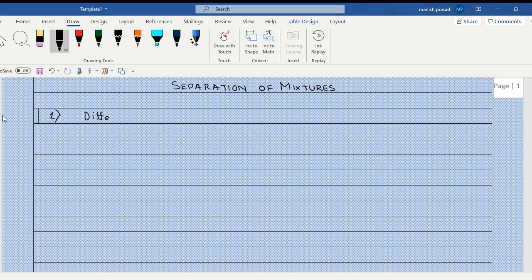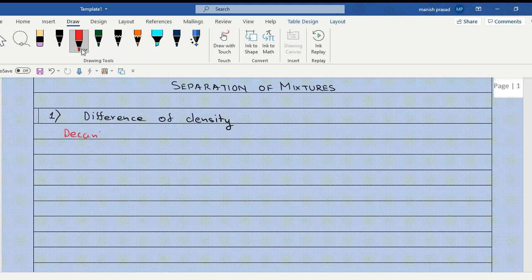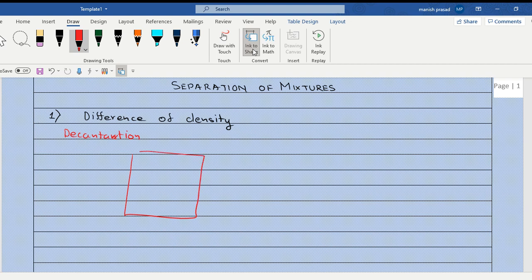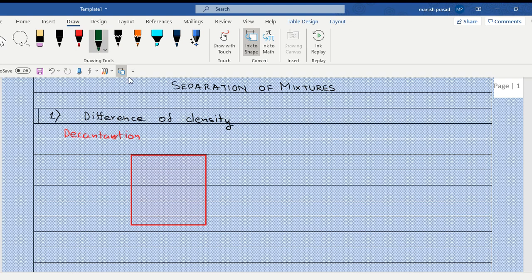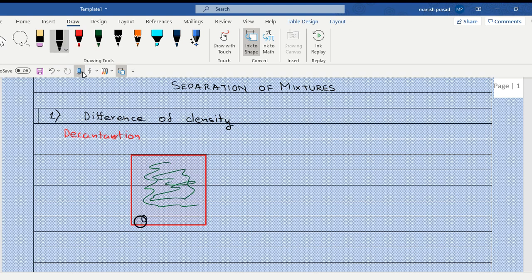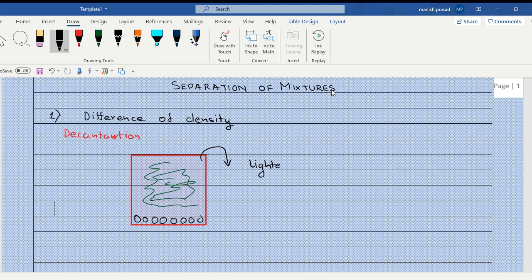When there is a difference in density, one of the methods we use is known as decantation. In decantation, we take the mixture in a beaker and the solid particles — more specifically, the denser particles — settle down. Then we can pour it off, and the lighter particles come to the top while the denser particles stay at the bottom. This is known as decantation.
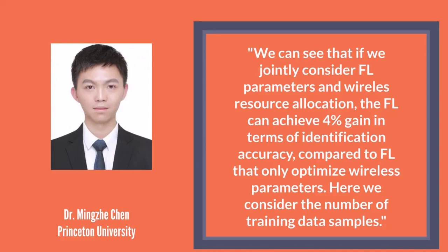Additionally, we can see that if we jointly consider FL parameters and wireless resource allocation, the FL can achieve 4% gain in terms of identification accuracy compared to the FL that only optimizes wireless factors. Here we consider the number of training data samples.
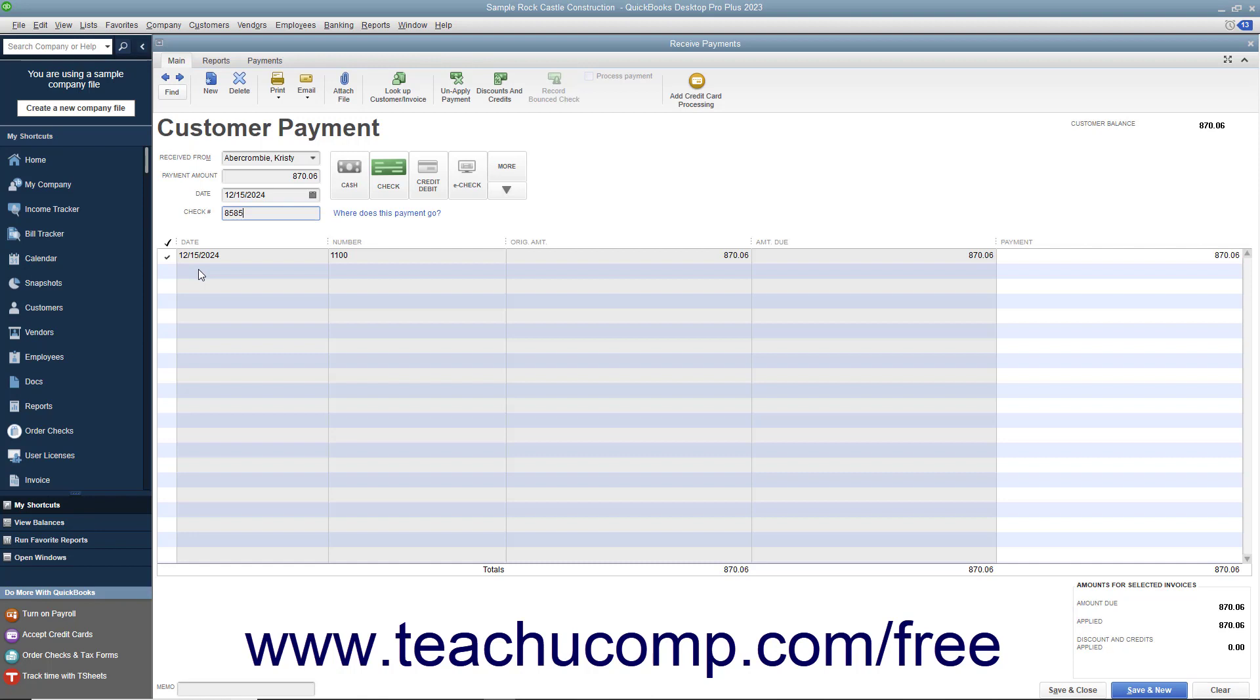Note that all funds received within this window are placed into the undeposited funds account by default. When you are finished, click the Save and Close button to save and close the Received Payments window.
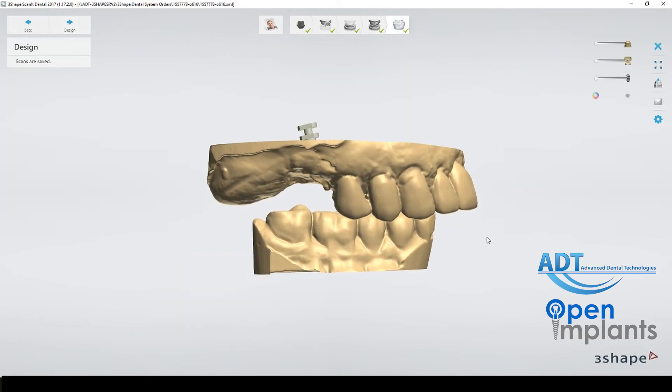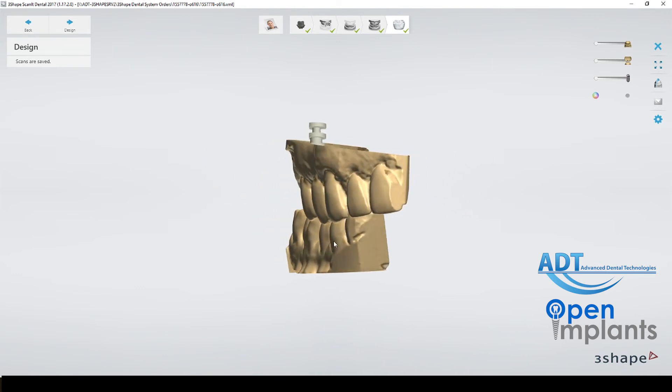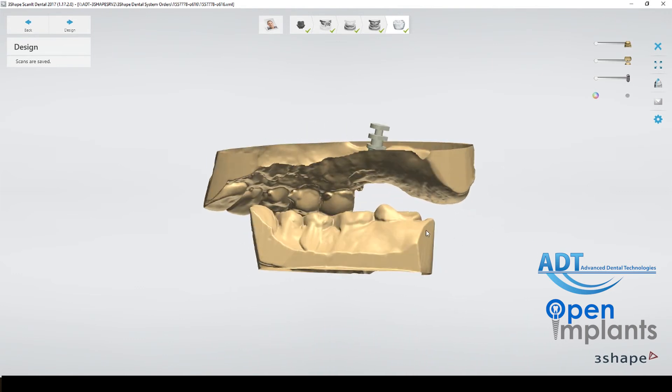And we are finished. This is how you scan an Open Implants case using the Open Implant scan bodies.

Your instructions:
Could you write out exactly the lines running from the one with "Additionally, we can" through the last line of the data above, both ends kept, and omit any picture?

Answer for this exercise:
Additionally, we can see that if we jointly consider FL parameters and wireless resource allocation, the FL can achieve 4% gain in terms of identification accuracy compared to the FL that only optimizes wireless factors. Here we consider the number of training data samples.
Note that all funds received within this window are placed into the undeposited funds account by default. When you are finished, click the Save and Close button to save and close the Received Payments window.
And we are finished. This is how you scan an Open Implants case using the Open Implant scan bodies.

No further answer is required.